Эта фраза была единственной рискованной выходкой, которую Голубков позволил себе на протяжении всей голубино-серой карьеры. Мы поймем эту неосторожность, если вспомним, что речь шла о последнем препятствии, стоявшем у него на дороге, и события следующего дня должны были автоматически привести к избранию его председателем. Впоследствии в кругу их знакомых ходила шутка (русский юмор — птичка-невеличка, довольствующаяся и крошкой) о забавной маленькой ссоре меж двумя этими взрослыми детьми: она капризно требует свалить большой старый тополь, заслонивший окно ее комнаты в их летнем загородном доме, а он говорит, что кряжистый старый воин был самым зеленым ее поклонником (уморительно, не правда ли?), можно было бы его и пощадить. Обратите внимание на озорную игривость нашей пышнотелой дамы в горностаевой шляпке, когда она уговаривает своего генерала поступить решительно, ее лучезарную улыбку и протянутые к нему холодные, как студень, руки.
Ранним вечером следующего дня генерал Голубков сопровождал жену к портнихе, сидел там какое-то время, читая Paris-Soir, a затем был отослан ею за платьем, которое она хотела расставить, но забыла принести. Спустя некоторое время она несколько раз старательно имитировала телефонные звонки домой и многословно руководила его поисками.

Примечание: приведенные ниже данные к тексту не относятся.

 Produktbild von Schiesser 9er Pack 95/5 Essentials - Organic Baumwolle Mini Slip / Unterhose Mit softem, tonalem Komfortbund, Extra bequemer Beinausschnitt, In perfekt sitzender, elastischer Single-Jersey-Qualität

Портниха, пожилая армянка, и швея, юная княжна Туманова, очень забавлялись в соседней комнате, дивясь разнообразию простонародных ее ругательств (словечки, помогавшие ей не замолкать там, где воображение отказывалось прийти ей на помощь). Это доморощенное, шитое белыми нитками алиби не предназначалось для перелицовки прошлого на случай, если бы что-то пошло не так, ибо не так ничто пойти не могло; оно лишь призвано было обеспечить господина, которого никому и в голову не пришло бы заподозрить, будничным отчетом о его времяпрепровождении, если пожелают узнать, когда он в последний раз видел генерала Федченко. После того как достаточное количество воображаемых шкафов было перерыто, Голубкова видели вернувшимся с платьем, которое заранее, конечно же, было припрятано в автомобиле. Он опять уткнулся в газету, а его жена продолжала примерять наряды.